***** DATA SUPPLIED *****

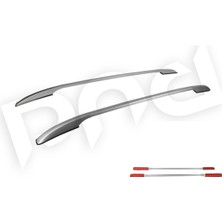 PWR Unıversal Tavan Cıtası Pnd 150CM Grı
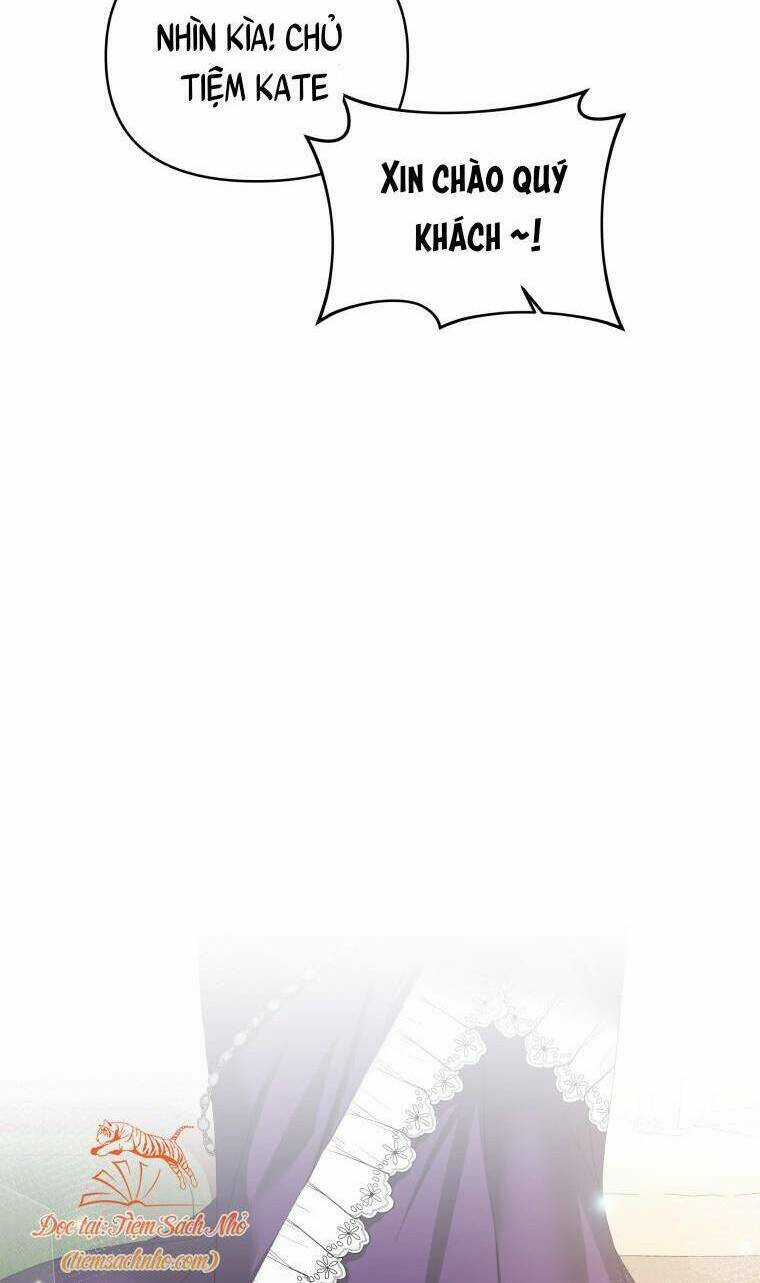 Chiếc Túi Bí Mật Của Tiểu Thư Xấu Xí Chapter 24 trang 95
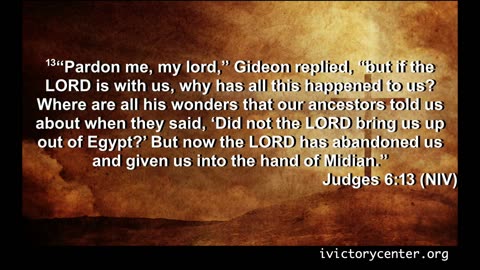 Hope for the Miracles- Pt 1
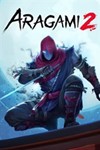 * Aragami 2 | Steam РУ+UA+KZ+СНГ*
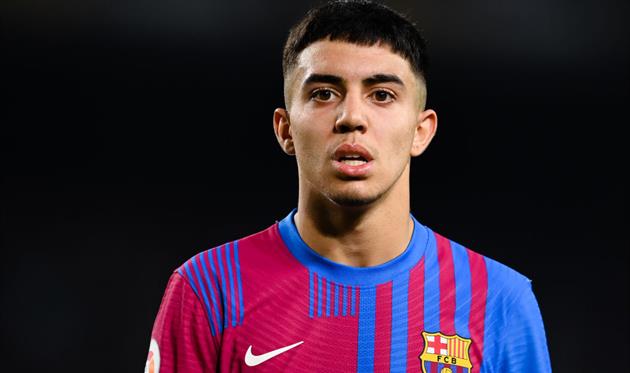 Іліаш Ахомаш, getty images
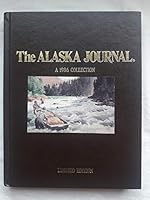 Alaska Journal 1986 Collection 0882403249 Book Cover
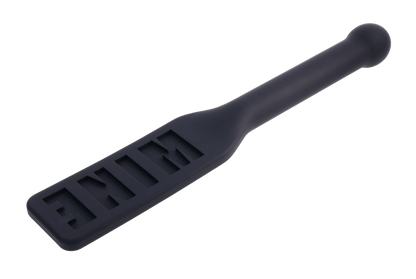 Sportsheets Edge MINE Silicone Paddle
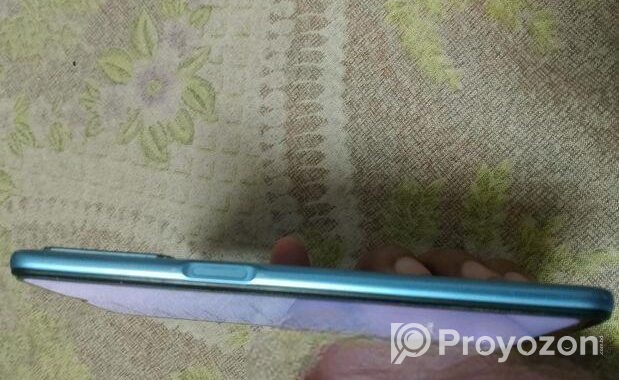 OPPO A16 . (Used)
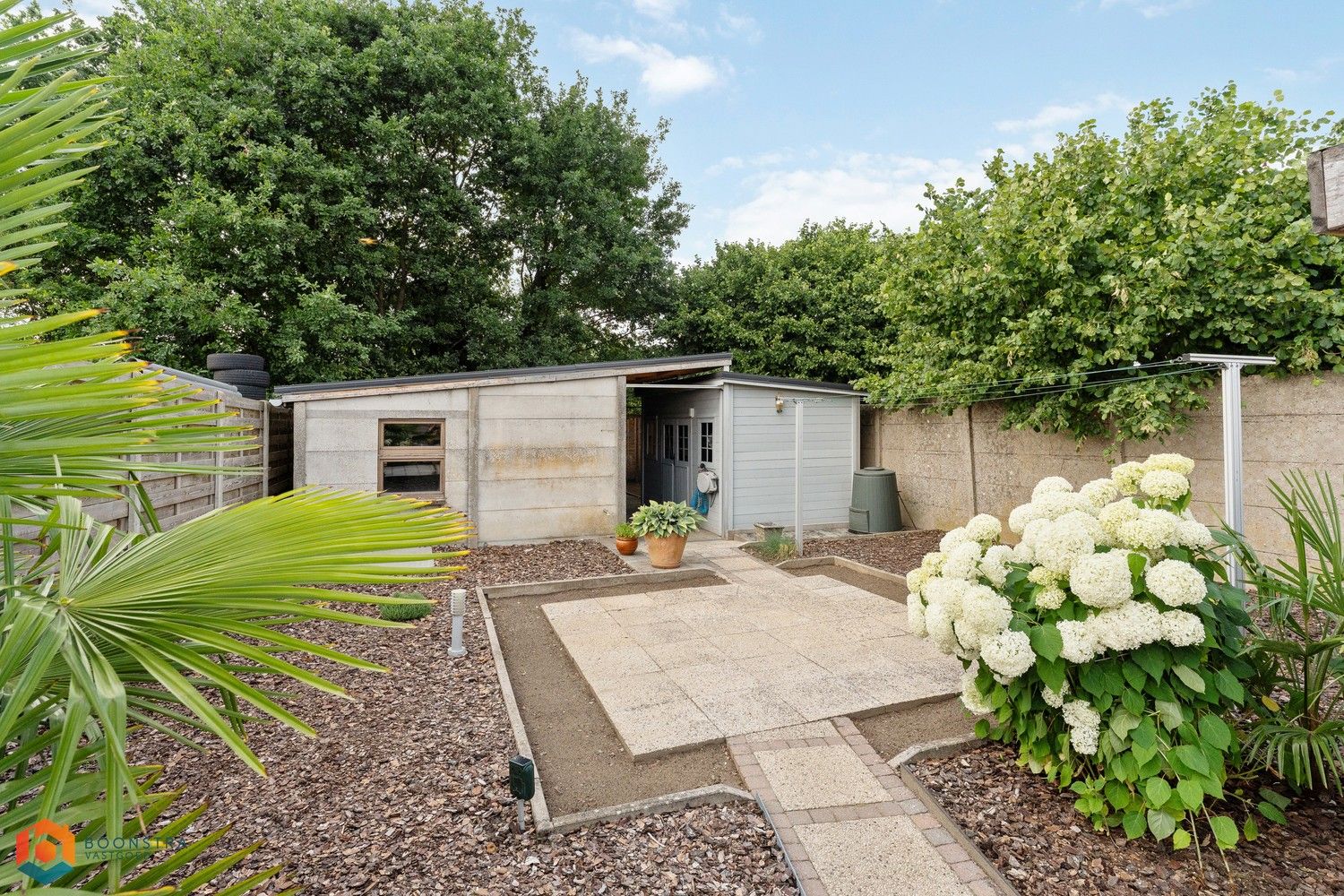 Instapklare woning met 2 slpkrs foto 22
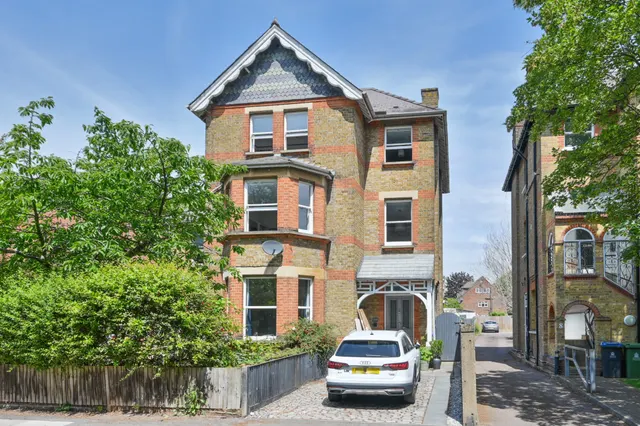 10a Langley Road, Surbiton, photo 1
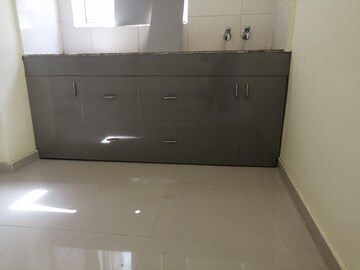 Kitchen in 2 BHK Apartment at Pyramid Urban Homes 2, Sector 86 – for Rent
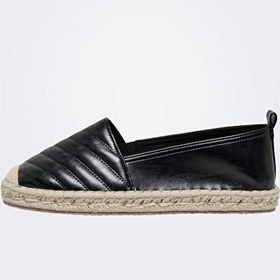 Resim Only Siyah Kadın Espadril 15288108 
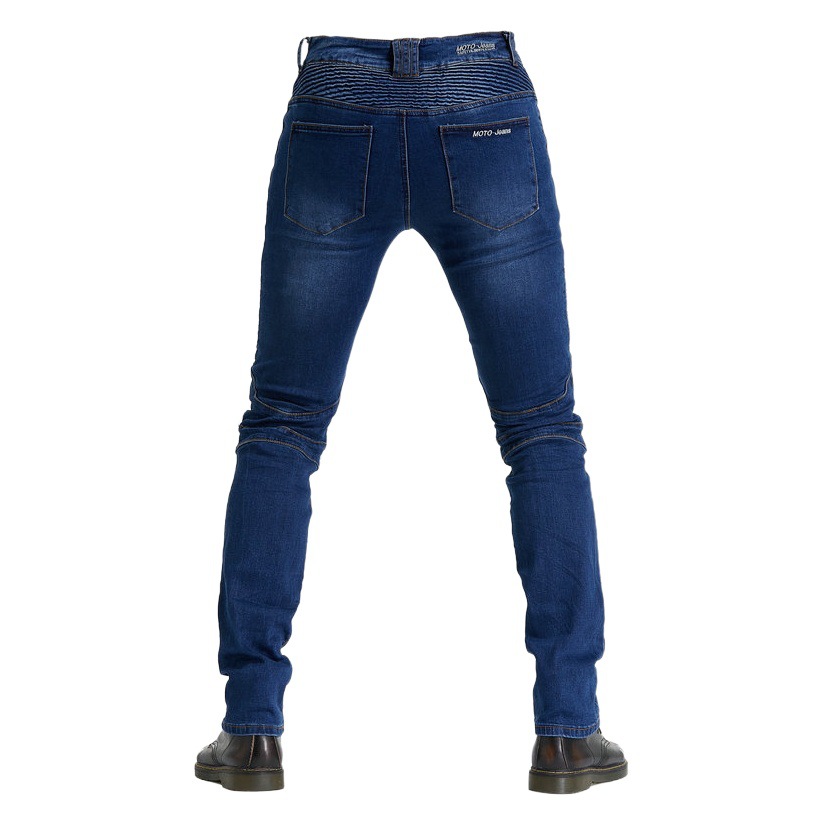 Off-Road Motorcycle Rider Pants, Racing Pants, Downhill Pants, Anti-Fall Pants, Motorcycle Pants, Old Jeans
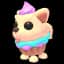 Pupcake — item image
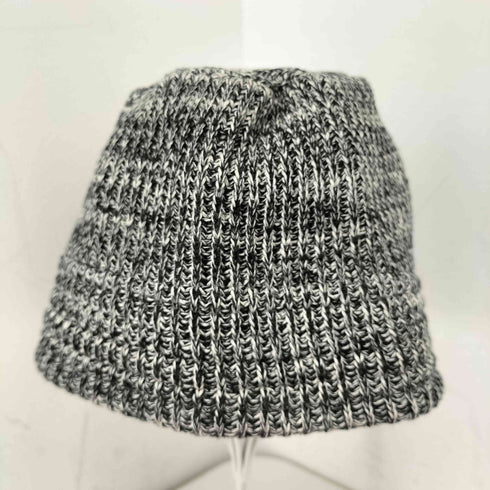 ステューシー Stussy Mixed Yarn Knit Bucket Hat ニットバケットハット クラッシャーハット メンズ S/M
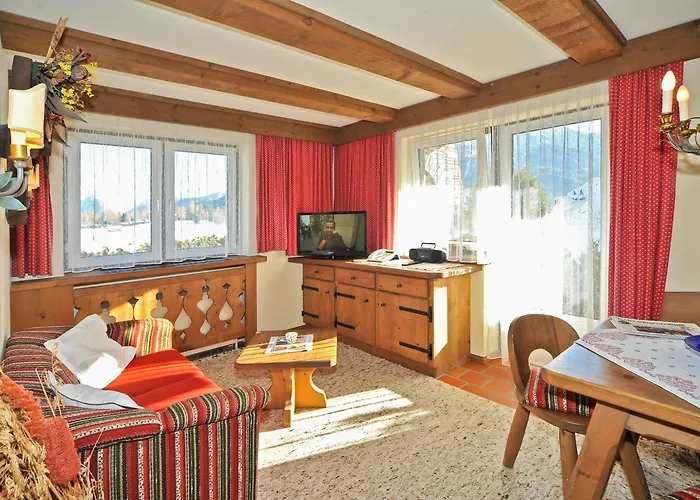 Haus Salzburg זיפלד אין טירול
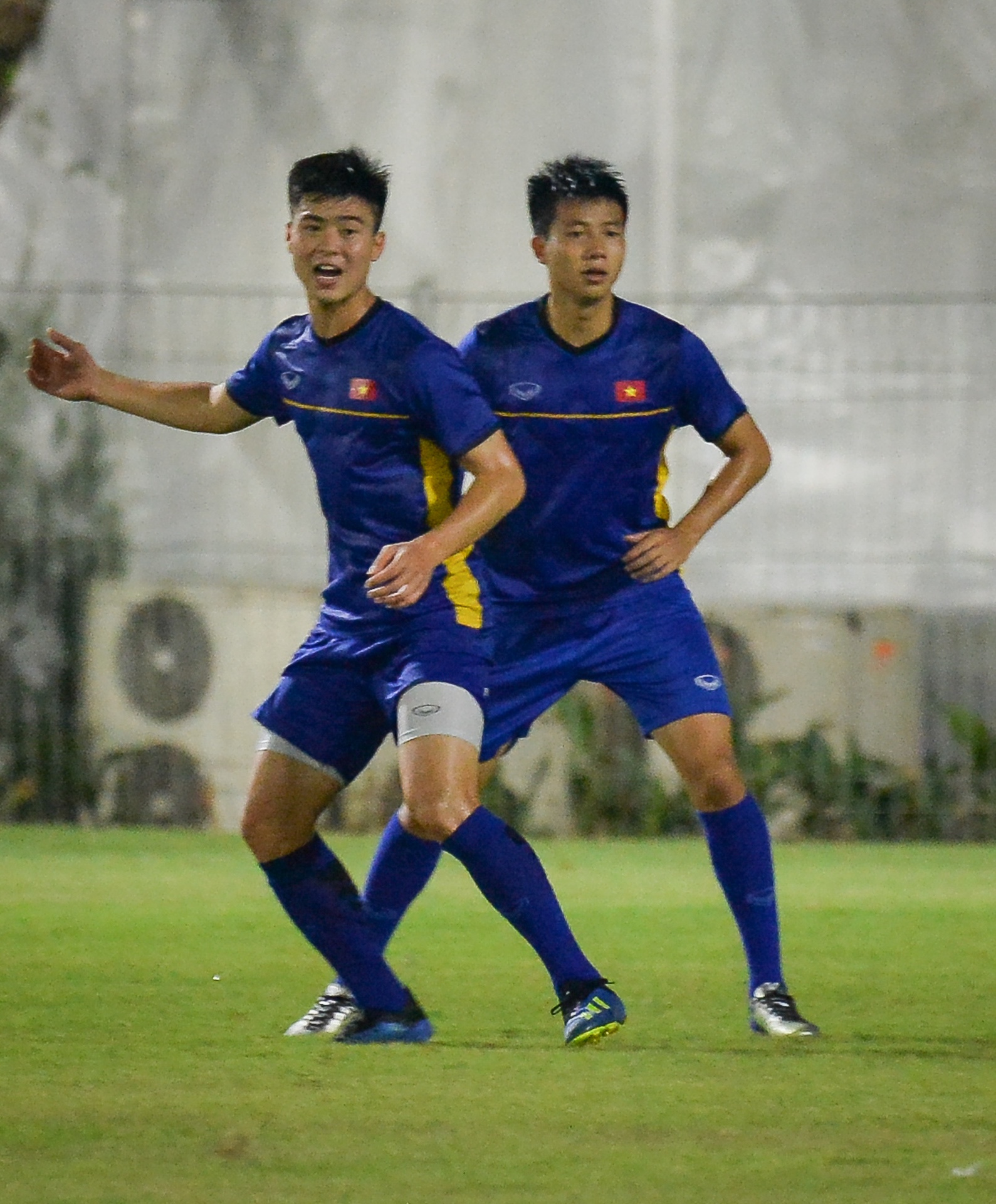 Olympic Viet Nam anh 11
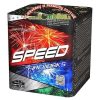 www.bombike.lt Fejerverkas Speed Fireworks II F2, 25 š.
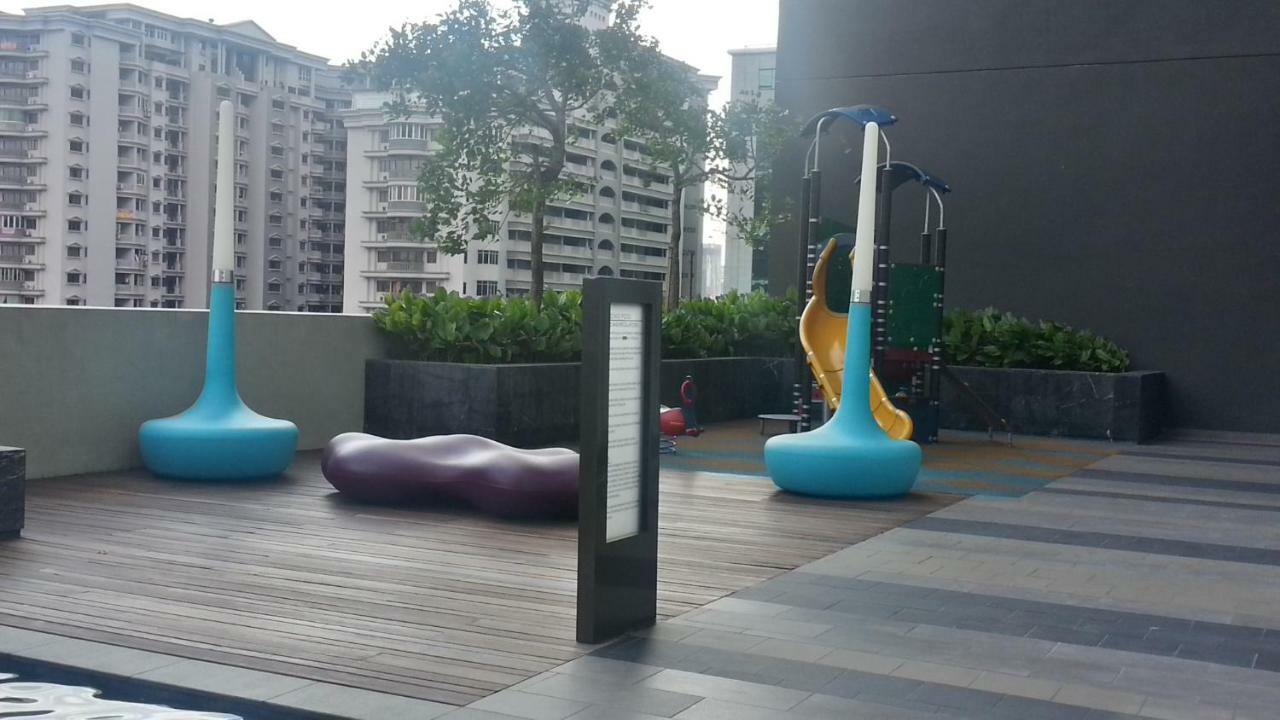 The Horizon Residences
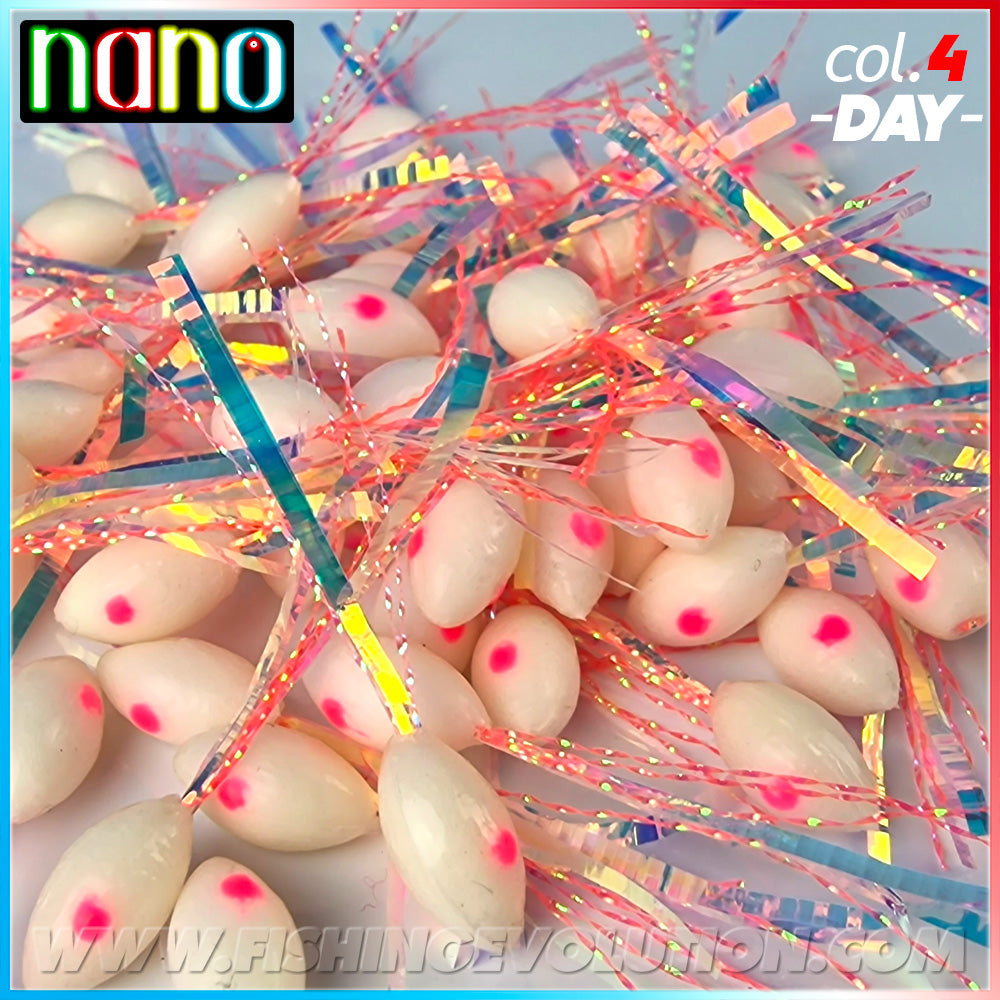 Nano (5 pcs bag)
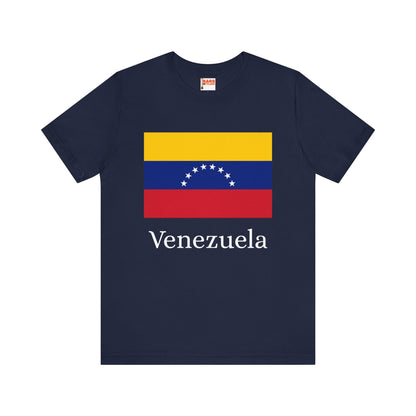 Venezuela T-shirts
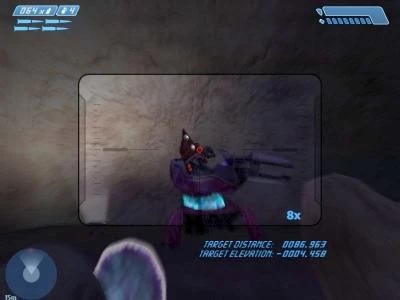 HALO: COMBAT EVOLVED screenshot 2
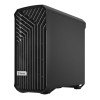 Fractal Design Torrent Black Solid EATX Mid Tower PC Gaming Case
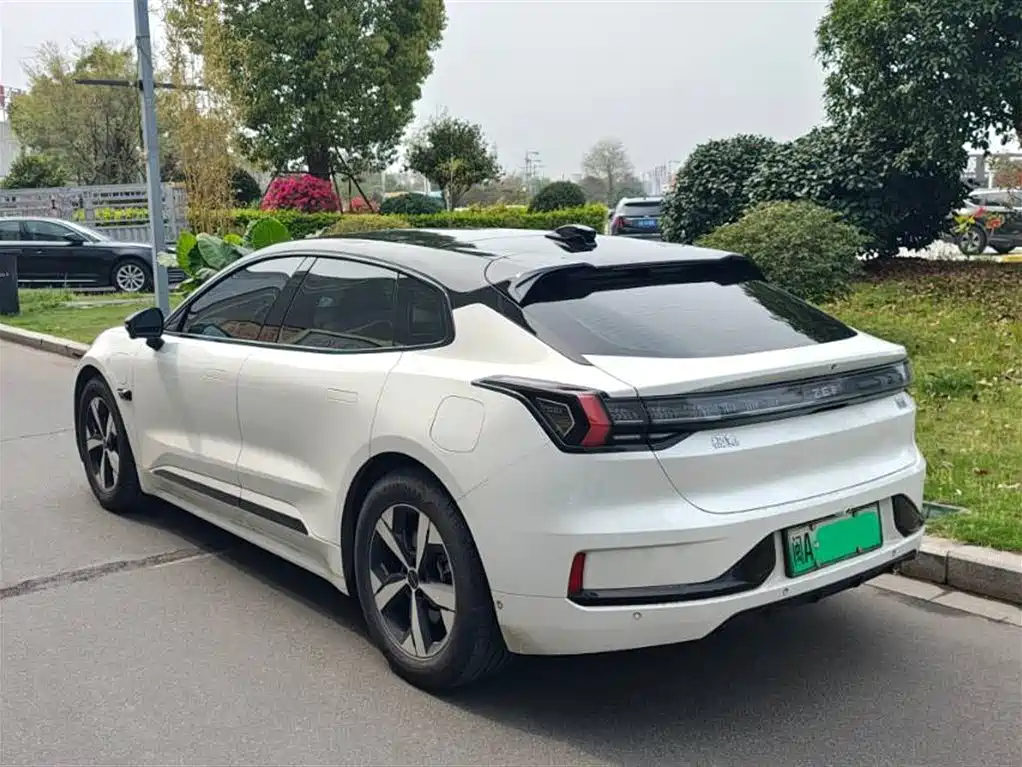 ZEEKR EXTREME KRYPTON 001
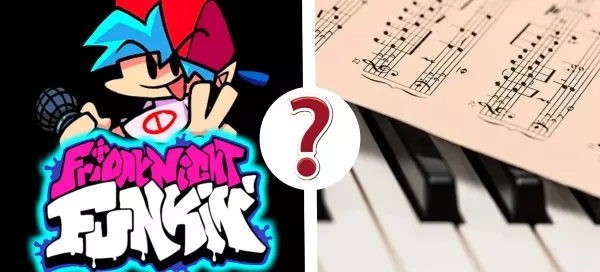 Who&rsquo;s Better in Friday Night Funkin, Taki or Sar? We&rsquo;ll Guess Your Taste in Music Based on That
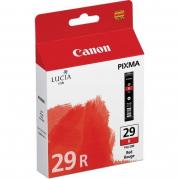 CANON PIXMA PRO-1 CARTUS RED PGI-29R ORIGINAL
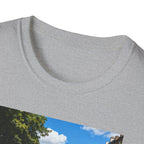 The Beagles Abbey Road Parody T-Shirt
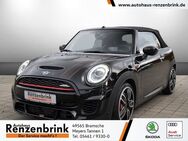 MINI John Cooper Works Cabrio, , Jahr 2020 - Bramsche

*****

# [EXERCISE INSTRUCTIONS]
Once the line containing "Hope for the Miracles- Pt 1" is found, it and every line through the end of the records above should be output exactly, with no pictures.

# [FINAL ANSWER]
 Hope for the Miracles- Pt 1
 * Aragami 2 | Steam РУ+UA+KZ+СНГ*
 Іліаш Ахомаш, getty images
 Alaska Journal 1986 Collection 0882403249 Book Cover
 Sportsheets Edge MINE Silicone Paddle
 OPPO A16 . (Used)
 Instapklare woning met 2 slpkrs foto 22
 10a Langley Road, Surbiton, photo 1
 Kitchen in 2 BHK Apartment at Pyramid Urban Homes 2, Sector 86 – for Rent
 Resim Only Siyah Kadın Espadril 15288108 
 Off-Road Motorcycle Rider Pants, Racing Pants, Downhill Pants, Anti-Fall Pants, Motorcycle Pants, Old Jeans
 Pupcake — item image
 ステューシー Stussy Mixed Yarn Knit Bucket Hat ニットバケットハット クラッシャーハット メンズ S/M
 Haus Salzburg זיפלד אין טירול
 Olympic Viet Nam anh 11
 www.bombike.lt Fejerverkas Speed Fireworks II F2, 25 š.
 The Horizon Residences
 Nano (5 pcs bag)
 Venezuela T-shirts
 HALO: COMBAT EVOLVED screenshot 2
 Fractal Design Torrent Black Solid EATX Mid Tower PC Gaming Case
 ZEEKR EXTREME KRYPTON 001
 Who&rsquo;s Better in Friday Night Funkin, Taki or Sar? We&rsquo;ll Guess Your Taste in Music Based on That
 CANON PIXMA PRO-1 CARTUS RED PGI-29R ORIGINAL
 The Beagles Abbey Road Parody T-Shirt
 MINI John Cooper Works Cabrio, , Jahr 2020 - Bramsche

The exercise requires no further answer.